Per il breve termine (2024-2030), i trattori diesel rimangono la scelta pratica per la maggior parte delle applicazioni multifunzionali grazie alla loro comprovata autonomia, velocità di rifornimento e ecosistemi completi di attrezzi. Tuttavia, gli operatori che acquistano nuovi trattori dovrebbero verificare che i modelli scelti siano compatibili con i futuri standard degli attrezzi elettrici e con le piattaforme di connettività dati che diventeranno sempre più importanti.
Come scegliere il giusto trattore multifunzionale: quadro decisionale
La scelta di un trattore multifunzionale richiede una valutazione strutturata che tenga conto delle esigenze attuali, della crescita futura, del supporto disponibile e del costo totale del ciclo di vita. Utilizzare il seguente quadro:
- Elenca tutte le attività che il trattore deve eseguire: attuali e previste. Identificare l'attrezzo che richiede più potenza in ciascuna categoria (lavorazione del terreno, foraggio, carico) e aggiungere i requisiti combinati della PTO e dell'impianto idraulico. Dimensionare il trattore in base alla domanda combinata più elevata, non all'attività media.
- Definire i vincoli di spazio. Frutteti, vigneti e cortili confinati richiedono trattori a carreggiata stretta con raggi di sterzata ridotti. Un trattore utilitario da 100 HP con un'impronta di sterzata di 2,4 m di larghezza è inutile in una distanza tra i filari di vite di 2,8 m.
- Specificare i requisiti idraulici prima dell'HP del motore. Contare simultaneamente il numero di circuiti di bobina remoti necessari per tutti gli attrezzi pianificati. Verificare che la portata idraulica del trattore sia adeguata per eseguire tutte le funzioni previste a velocità accettabili. Molti acquirenti scoprono la carenza idraulica solo dopo l'acquisto.
- Abbina il tipo di trasmissione allo stile operativo. Le operazioni con frequenti cambi di direzione o lavori sul campo di precisione giustificano investimenti in CVT o cambio di potenza. Le operazioni più semplici con carichi costanti possono utilizzare le trasmissioni sincronizzate in modo economicamente vantaggioso.
- Verificare la rete di assistenza del concessionario e la disponibilità dei ricambi. Un guasto al trattore durante l’insilato o la raccolta ha un costo di gran lunga superiore alla tariffa giornaliera della macchina. Scegli un marchio con una rete di rivenditori consolidata al suo interno 50-80 km che mantiene lo stock di ricambi per officina per la gamma di modelli specifica.

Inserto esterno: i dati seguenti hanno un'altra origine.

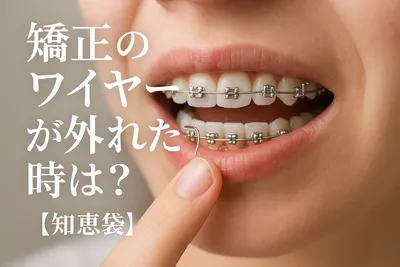 矯正のワイヤーが外れた時は？【知恵袋】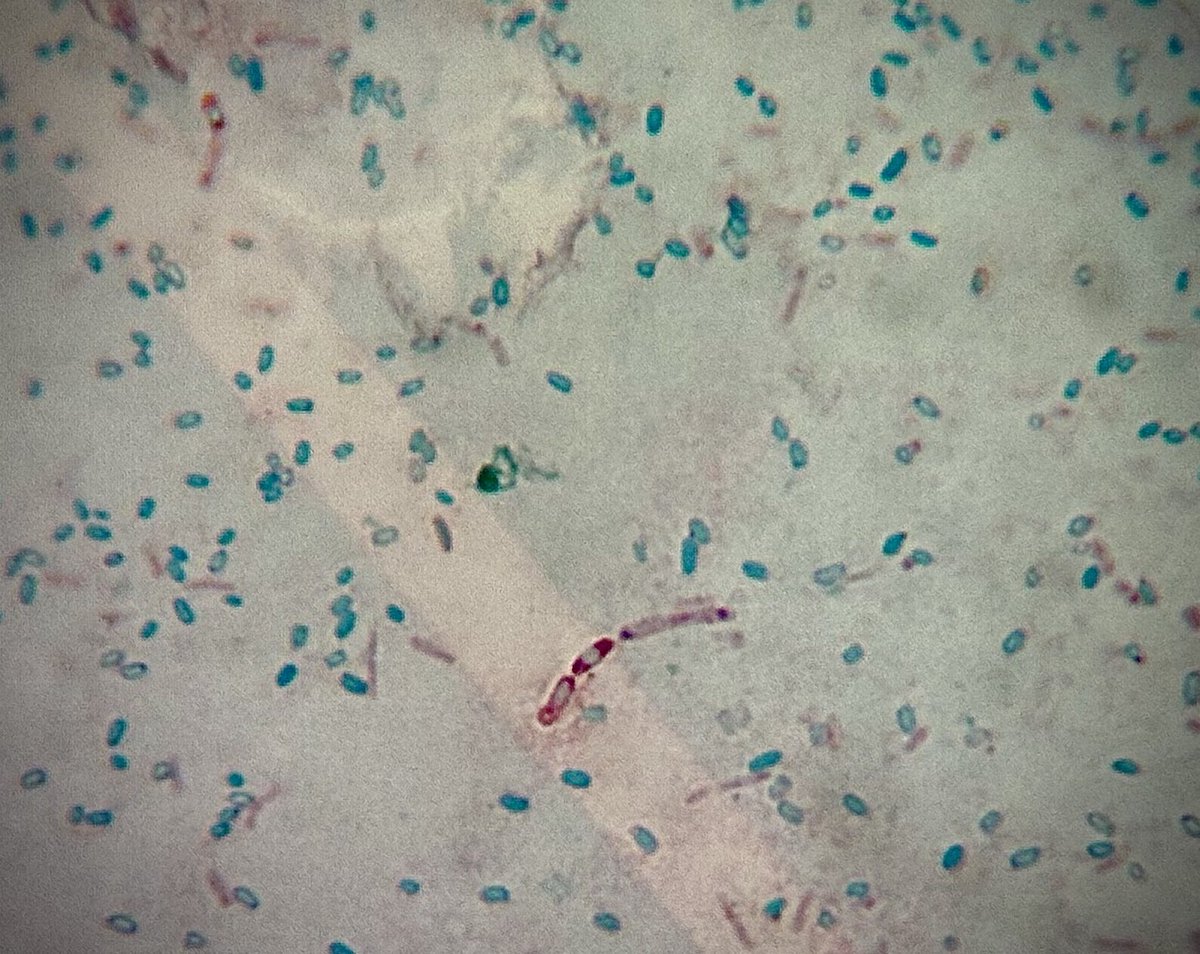 tasturm1's tweet image. #DescribeThatMicrobe a little, actually a lot, of spore action this Friday morning from Bacillus cereus. @ASMicrobiology #microbiology #science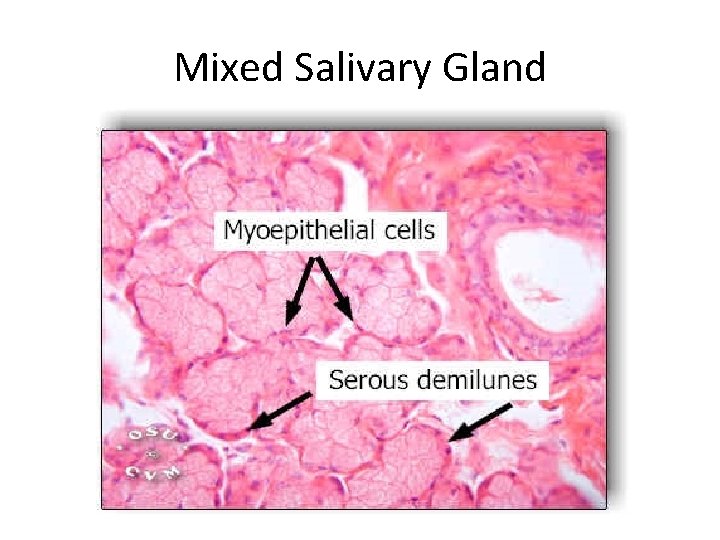 Mixed Salivary Gland 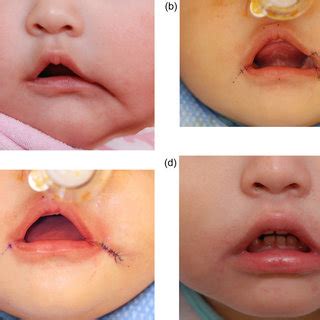 Case example. (a) Active lip depression preoperation; (b) Lip markings;... | Download Scientific ...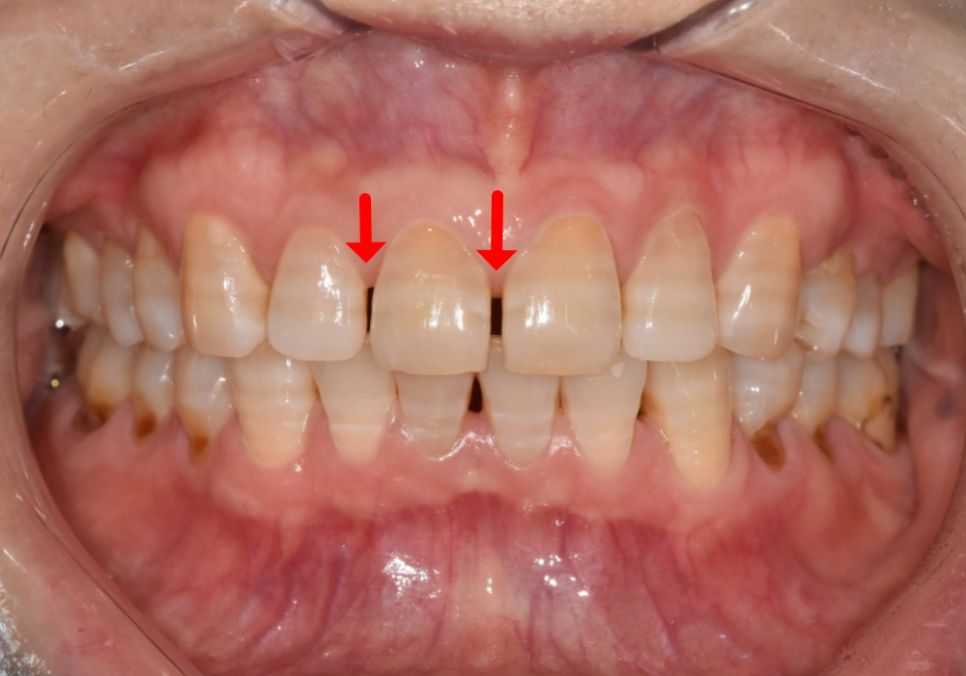 고덕동 무삭제 라미네이트, 실패 없이 하려면 꼭 확인할 3가지 관련 이미지 3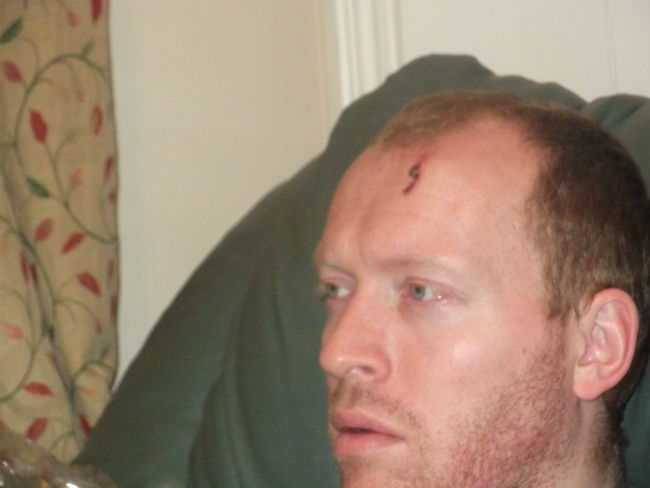 'Harry Potter' Munnings.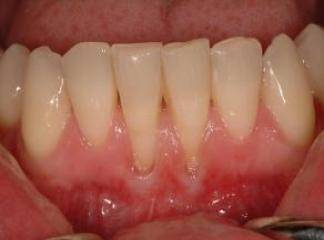 Diş Eti Hastalıkları Nasıl Tedavi Edilir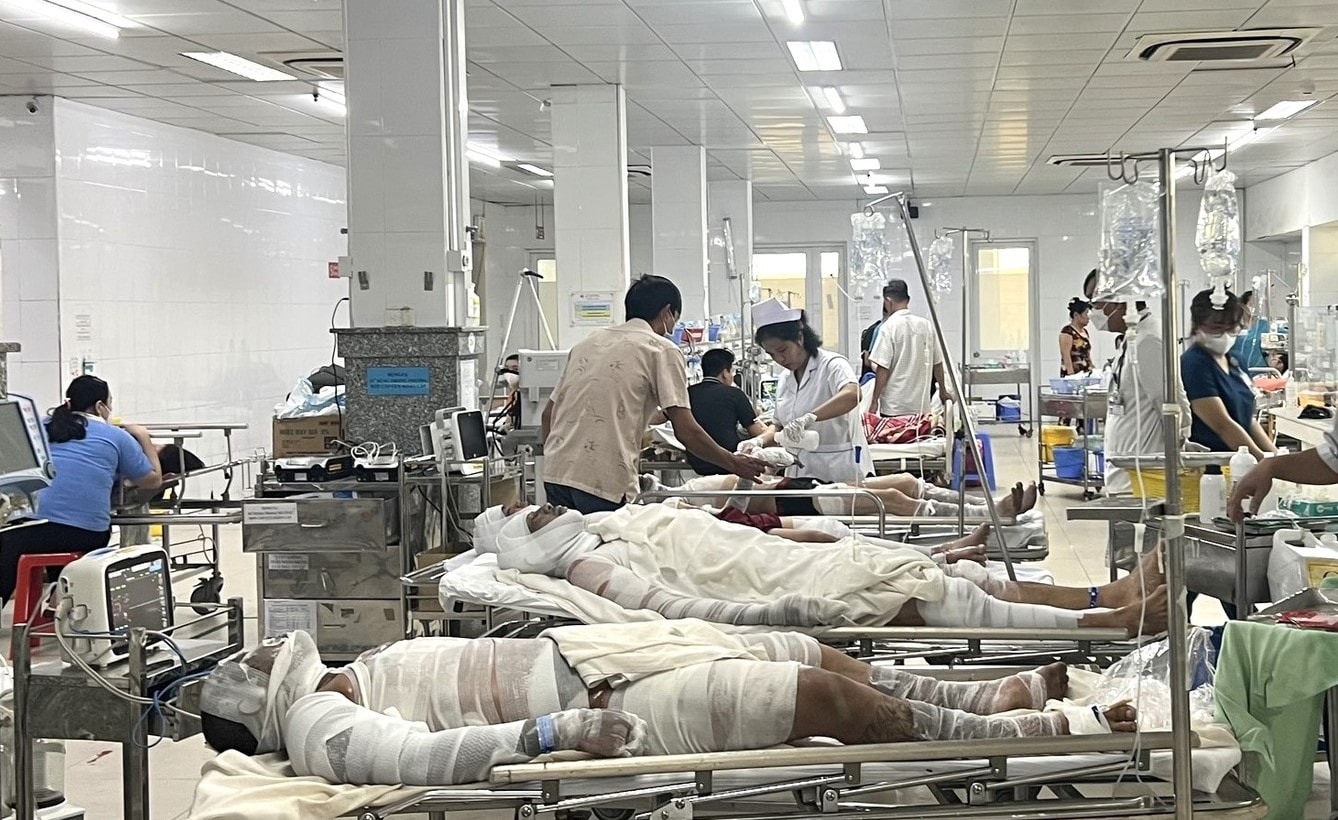 no bon chua bui 9 cong nhan bi bong nang hinh 1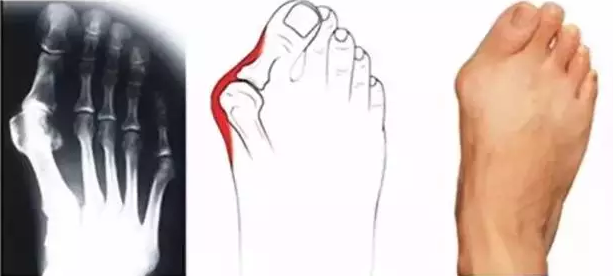 关于拇外翻，读懂这一篇就够了 - 知乎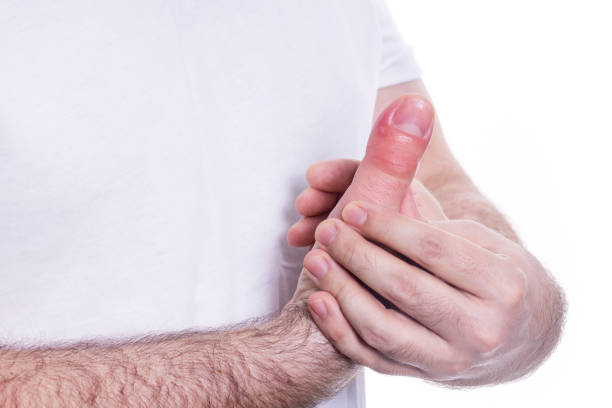 thumb arthritis
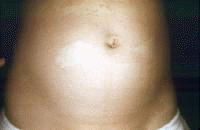 Urticaria (secondary to penicillin). Courtesy of W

- Calcola il costo totale di proprietà in 10 anni, non il prezzo di acquisto. Includere carburante, manutenzione, ricambi, ammortamento e costi di finanziamento. Un trattore premium che costa 15% in più per l'acquisto ma utilizza il 12% in meno di carburante e ha una frequenza di manutenzione inferiore, spesso ha un costo decennale inferiore rispetto all'alternativa più economica.
- Valutare la connettività e la compatibilità con i futuri sistemi di precisione. Se durante la vita utile del trattore sono previsti la guida GPS, l'applicazione a velocità variabile o il monitoraggio remoto, verificare la compatibilità ISOBUS, le disposizioni per il montaggio del ricevitore GNSS e la connettività telematica al momento dell'acquisto: l'aggiornamento di questi sistemi è significativamente più costoso che selezionarli come opzioni di fabbrica.